Like REALLY bad. It's something that a faster computer won't fix.

Pre-compiled Headers are a blessing from God. It's basically a header file that contains all your headers that only change rarely. And then all .cpp files include the PCH and whatever other .h files they need to compile. Then, the PCH gets compiled and re-used for every .cpp file. The caveat is that if you change any of the files included from the PCH, then your whole project has to be rebuilt (which essentially what you're doing now with Main.h as your PCH that isn't).

Remember, it's NOT bad to have a .cpp file include a whole bunch of headers. It IS bad (but necessary, in many cases) to have a .h file include other .h files. and it IS bad to put .h files in your PCH that change often.

Your best bet is to go through and read about how to use a precompiled header (stdafx.h by default). And make one that #include's your rarely modified headers.

Then, delete Main.h and eliminate it from all your headers (you can do this in one shot with a replace-in-files).

Then #include your PCH from the very top of each .cpp file (it has to be the first thing).

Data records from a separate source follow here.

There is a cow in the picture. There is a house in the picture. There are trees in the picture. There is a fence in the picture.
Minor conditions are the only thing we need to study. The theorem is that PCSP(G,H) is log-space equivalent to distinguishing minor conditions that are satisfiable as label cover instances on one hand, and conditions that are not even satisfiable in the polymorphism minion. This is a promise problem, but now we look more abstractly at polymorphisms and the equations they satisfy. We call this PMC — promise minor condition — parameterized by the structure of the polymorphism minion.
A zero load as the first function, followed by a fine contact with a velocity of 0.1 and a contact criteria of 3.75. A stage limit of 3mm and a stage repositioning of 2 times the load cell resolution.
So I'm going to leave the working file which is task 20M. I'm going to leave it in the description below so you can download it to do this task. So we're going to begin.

Then, for each header, #include the other headers it NEEDS (i.e. you need to include it if your object subclasses another object in a different header. Or if it makes a function call of an object declared in another header. If all you have is a function declaration or member variable that is a pointer to a type of object declared in another header, you can just forward declare the type).

Example:

#ifndef _FOO_H_
#define _FOO_H_

#include "Foo_super.h" // subclass must include the super
#include "Baz.h" // we use an instance of Baz as member

class Bar; // pointers can be forward declared, which is good.

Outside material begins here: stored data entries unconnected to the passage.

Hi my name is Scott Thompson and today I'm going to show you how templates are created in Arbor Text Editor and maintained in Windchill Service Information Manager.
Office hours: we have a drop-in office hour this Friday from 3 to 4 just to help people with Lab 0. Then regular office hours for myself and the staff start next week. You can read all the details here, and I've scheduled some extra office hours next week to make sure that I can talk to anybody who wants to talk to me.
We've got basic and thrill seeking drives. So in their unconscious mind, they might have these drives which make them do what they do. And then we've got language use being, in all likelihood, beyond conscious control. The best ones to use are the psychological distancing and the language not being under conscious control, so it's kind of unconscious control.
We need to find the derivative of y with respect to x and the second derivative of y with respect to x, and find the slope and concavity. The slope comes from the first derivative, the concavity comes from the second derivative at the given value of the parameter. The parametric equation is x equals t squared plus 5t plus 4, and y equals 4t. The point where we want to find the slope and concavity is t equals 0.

class Foo : public Foo_super
{
Bar* m_pBar;
Baz m_Baz;
};

#endif


Then, go through and #include headers in your .cpp files until everything compiles. Expect it to take a whole day, but you'll definitely save time in the long run. Remember to forward declare things if possible, or #include them from .cpp files... but "use of undefined type" means that you need to #include the .h with the definition of the type.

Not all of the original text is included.